Required work —
Transcribe all of the entries below exactly. Leave out the pictures.
*** Opening Available data ***
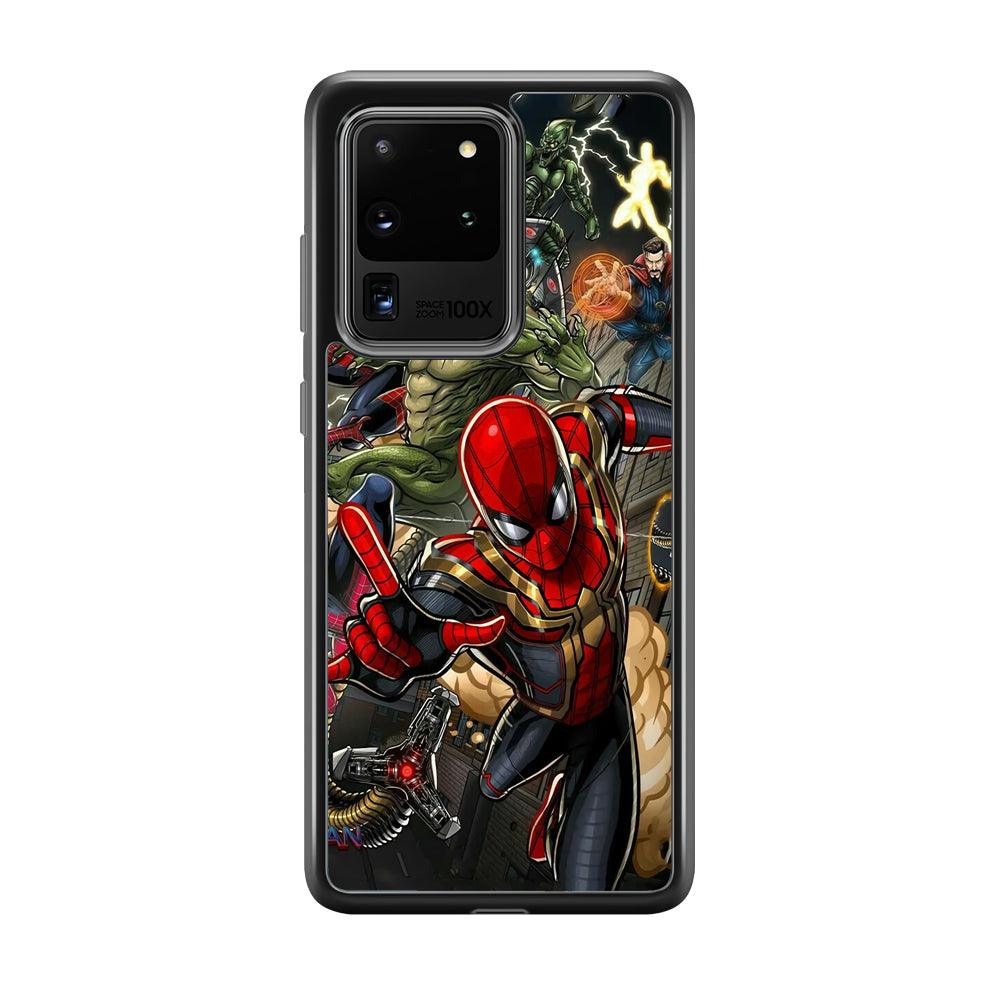 Spiderman Multiverse Battle Samsung Galaxy S20 Ultra Case-Rubber Black (2D Case)-Oxvistore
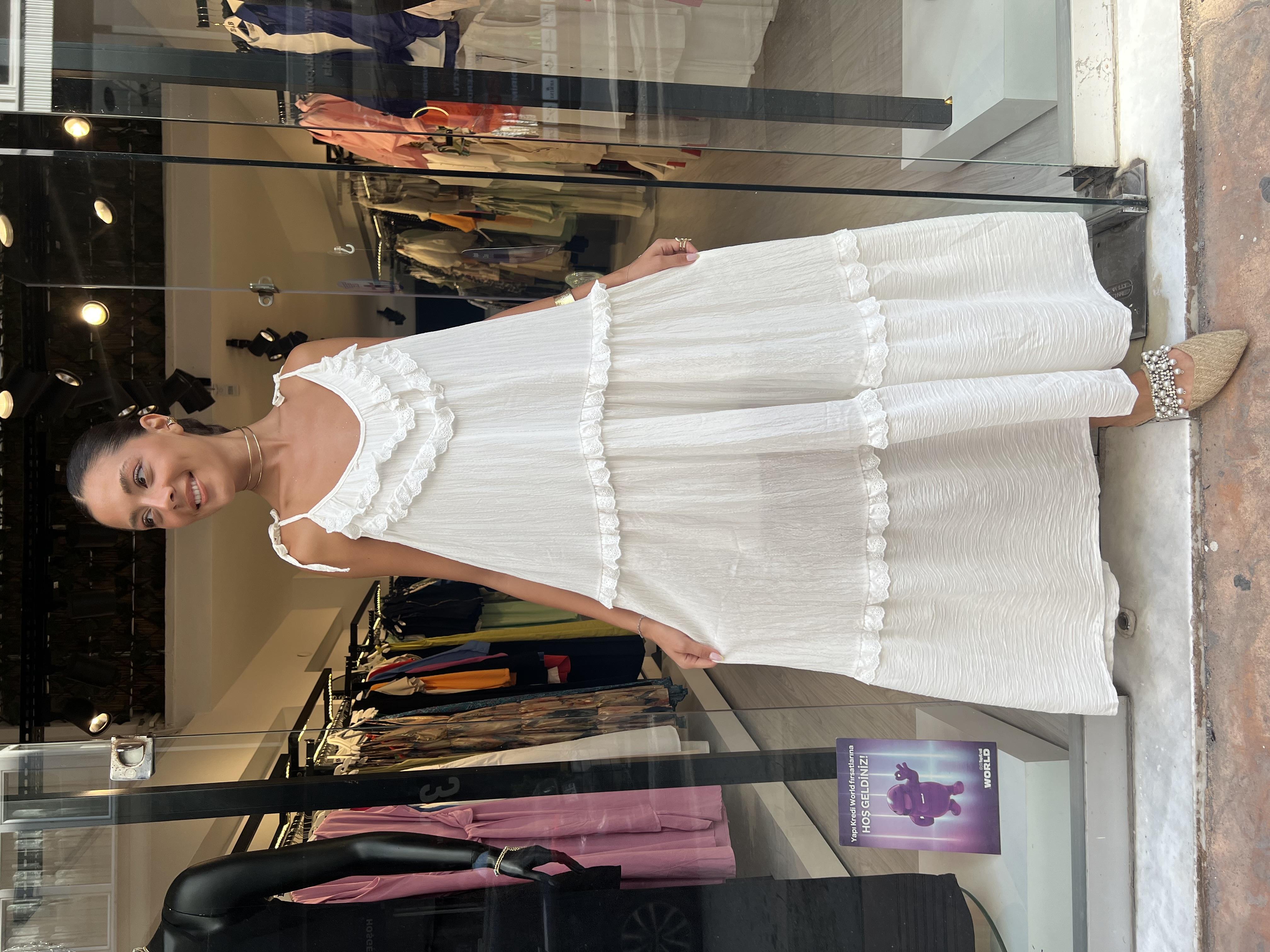 Die Askılı Fisto Elbise-Beyaz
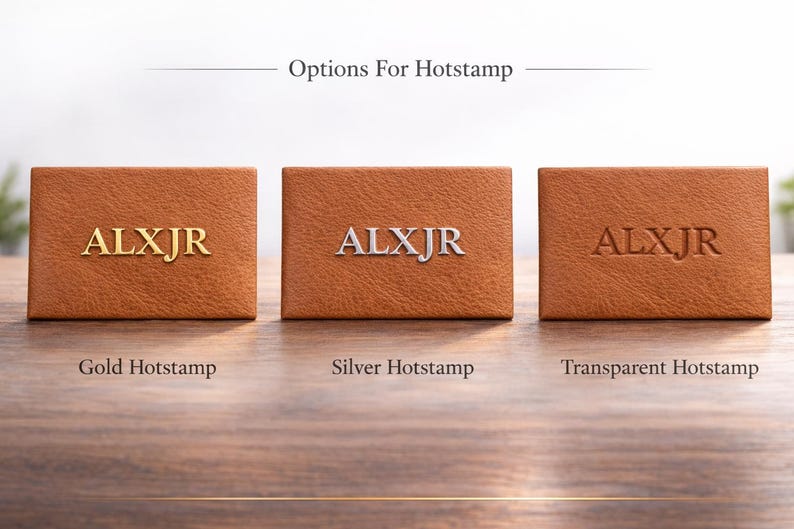 May include: Three brown leather boxes with the letters "ALXJR" hot stamped in gold, silver, and transparent. The text "Options For Hotstamp" is above the boxes. The boxes are on a wooden surface.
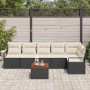Conjunto de sofás de jardín 7 pcs Negro ratán sintético en Sofás de exterior | Comprar online en Foru.es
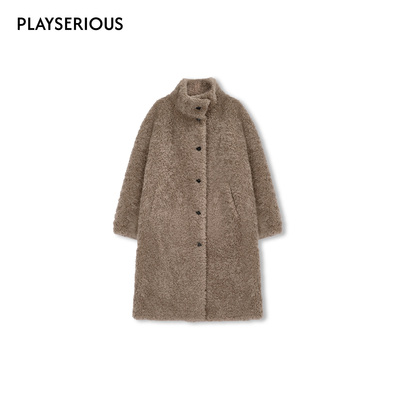 CONCISE-WHITE简白 2025秋冬新款立领羊毛外套胶囊系列宽松大衣女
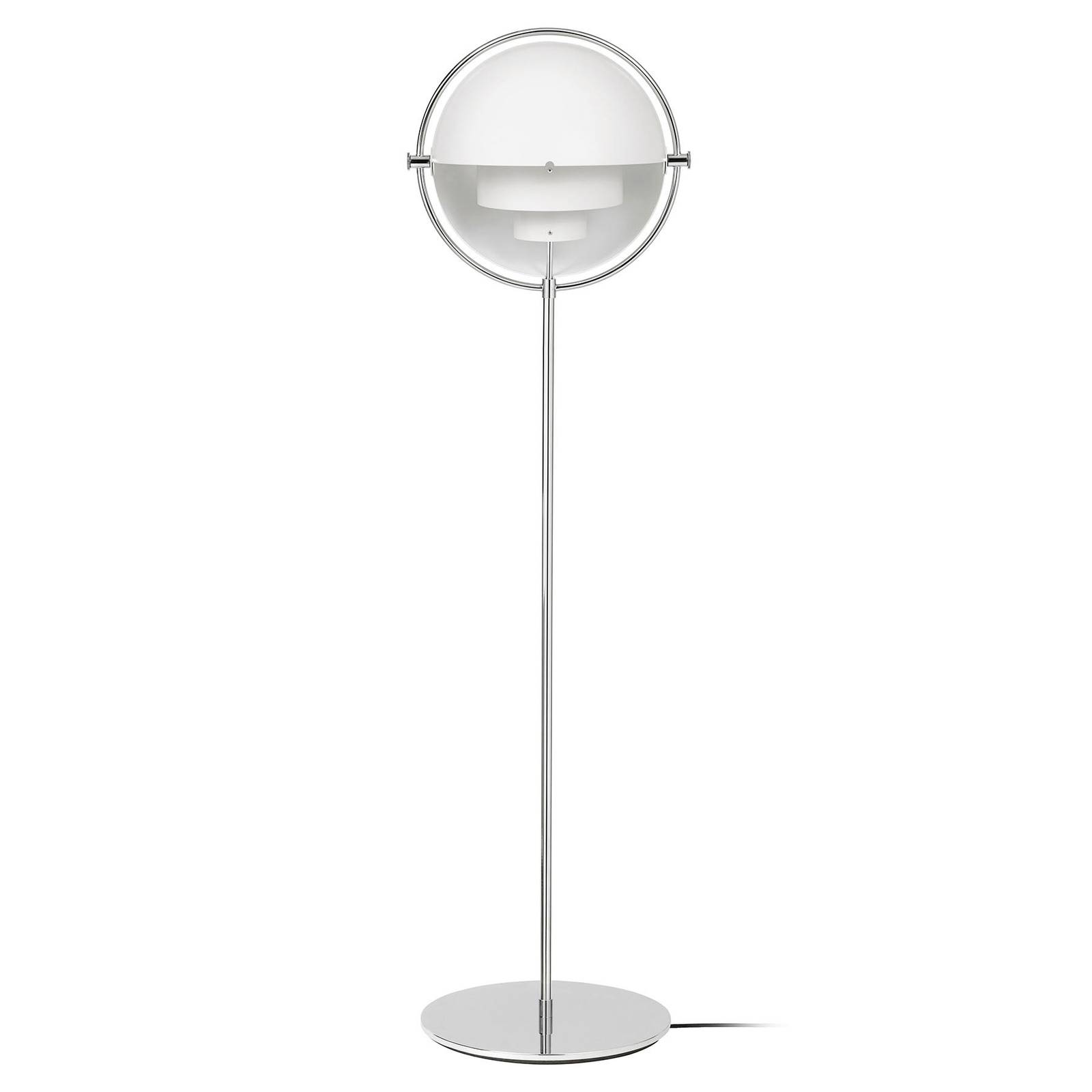 GUBI Multi-Lite floor lamp chrome/white, for Living / Dining Room, steel, E27, 57 W, H: 148 cm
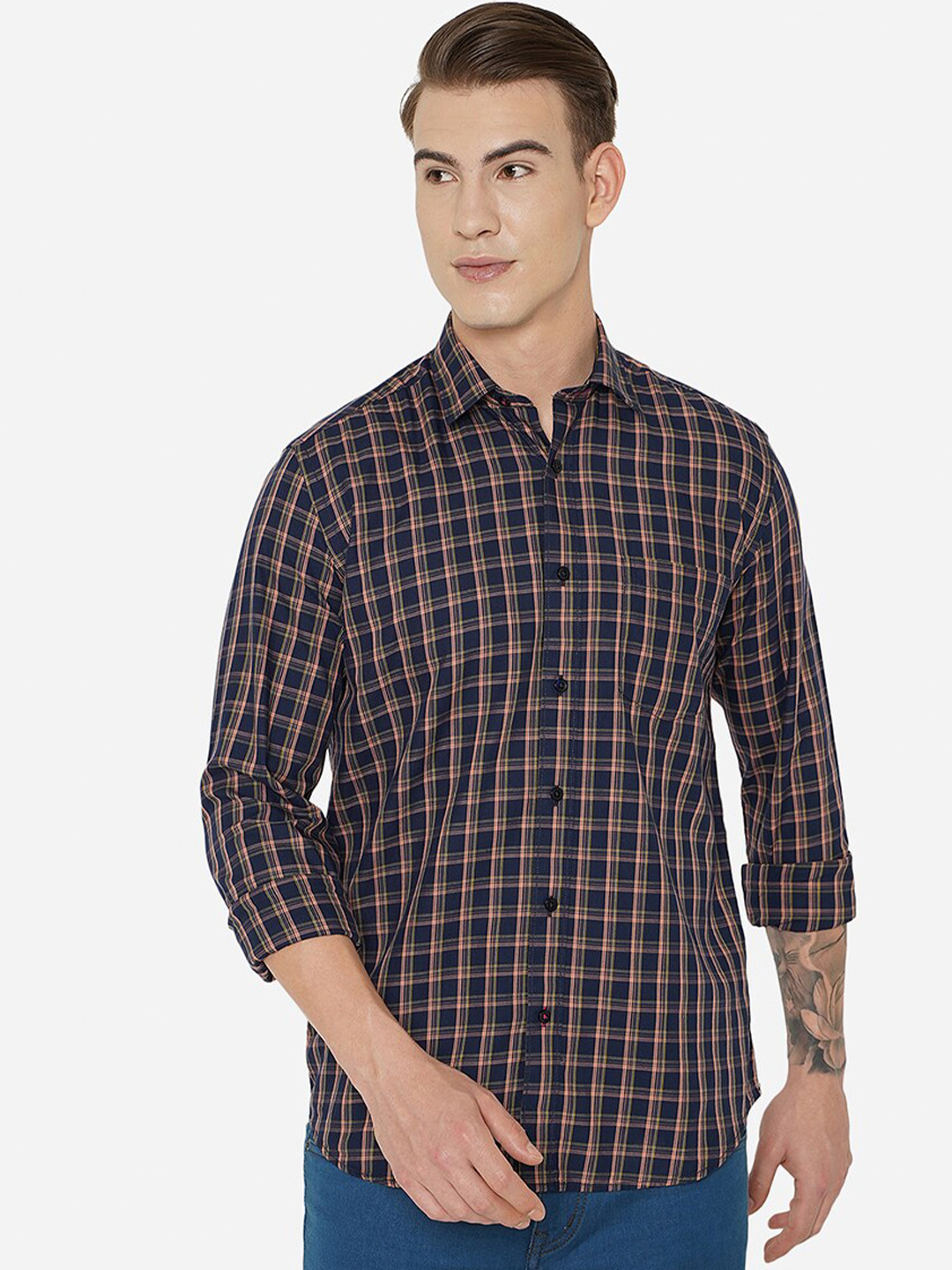 

JADE BLUE Men Navy Blue Slim Fit Checked Pure Cotton Casual Shirt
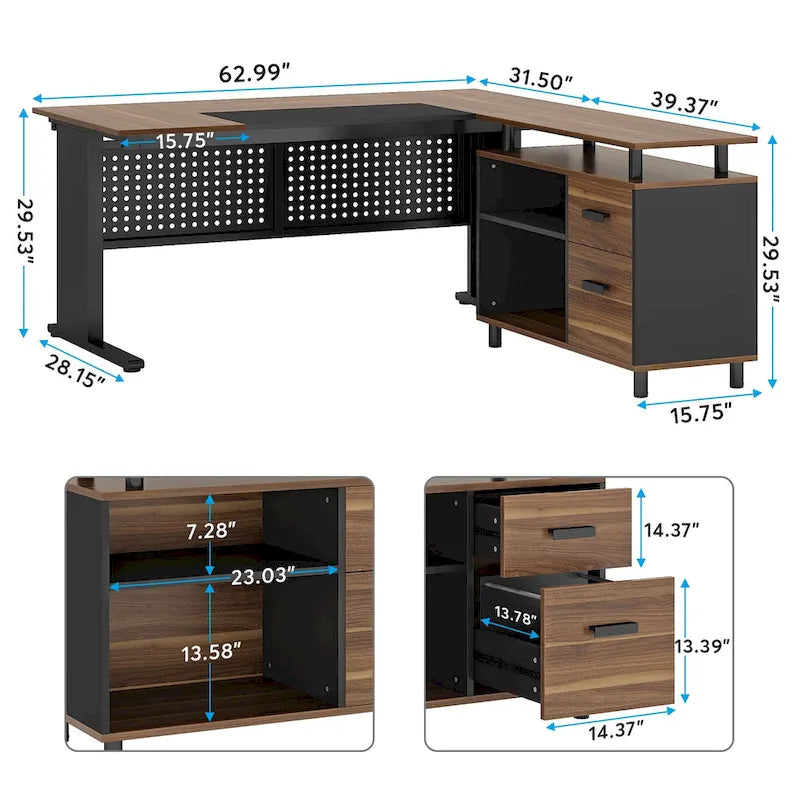Executive Desk, Large Computer Desk with File Cabinet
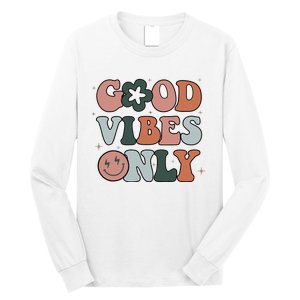 Good Vibes Only Peace Love 60s 70s Tie Dye Groovy Hippie Long Sleeve Shirt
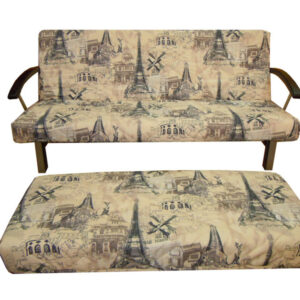 Диван на металлическом каркасе Альфа с пуфиком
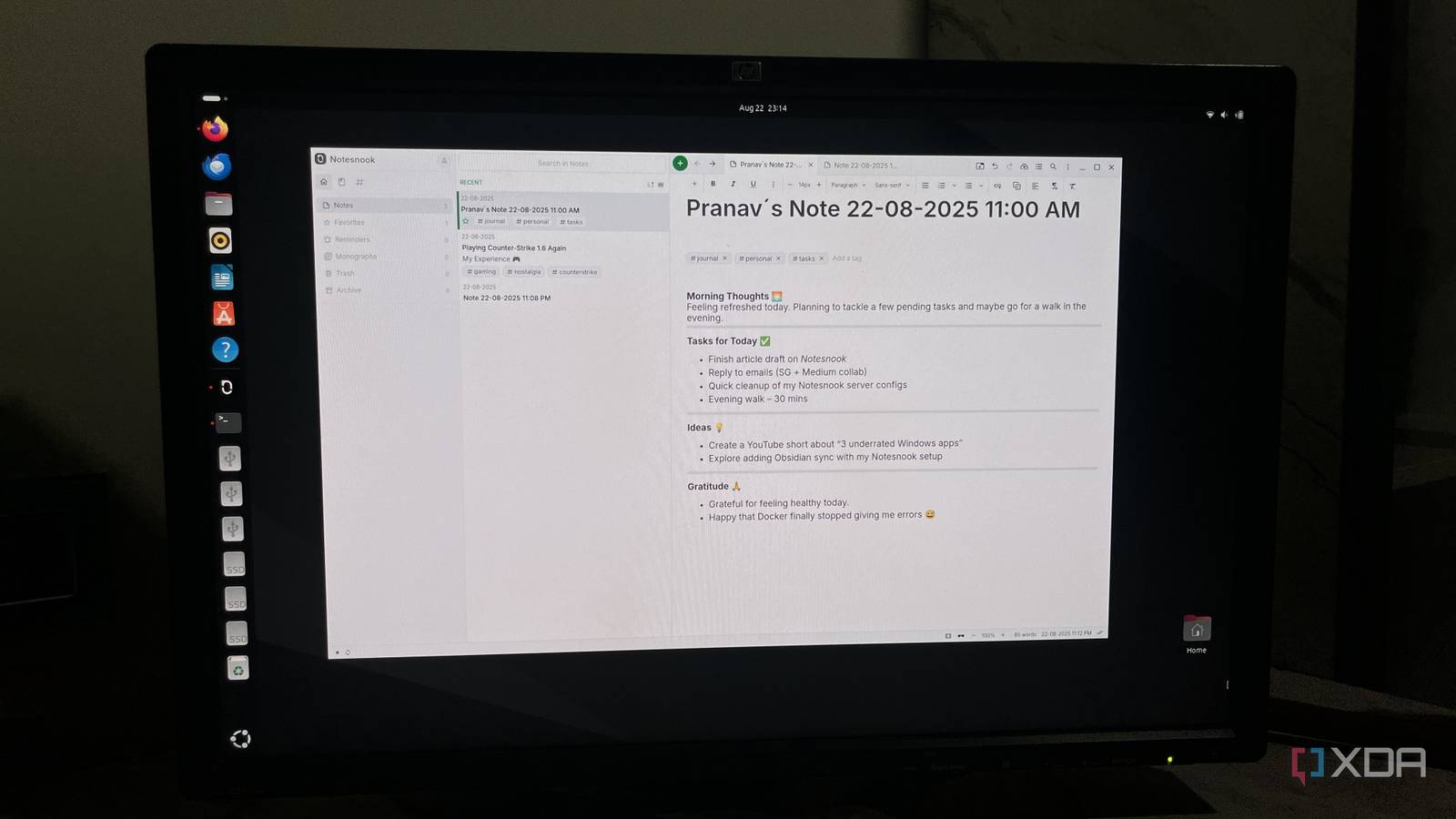 Notesnook self-hosted and launched on a Ubuntu system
*** Closing Available data ***
Answer space —
 Spiderman Multiverse Battle Samsung Galaxy S20 Ultra Case-Rubber Black (2D Case)-Oxvistore
 Die Askılı Fisto Elbise-Beyaz
 May include: Three brown leather boxes with the letters "ALXJR" hot stamped in gold, silver, and transparent. The text "Options For Hotstamp" is above the boxes. The boxes are on a wooden surface.
Conjunto de sofás de jardín 7 pcs Negro ratán sintético en Sofás de exterior | Comprar online en Foru.es
 CONCISE-WHITE简白 2025秋冬新款立领羊毛外套胶囊系列宽松大衣女
 GUBI Multi-Lite floor lamp chrome/white, for Living / Dining Room, steel, E27, 57 W, H: 148 cm

JADE BLUE Men Navy Blue Slim Fit Checked Pure Cotton Casual Shirt
Executive Desk, Large Computer Desk with File Cabinet
 Good Vibes Only Peace Love 60s 70s Tie Dye Groovy Hippie Long Sleeve Shirt
 Диван на металлическом каркасе Альфа с пуфиком
 Notesnook self-hosted and launched on a Ubuntu system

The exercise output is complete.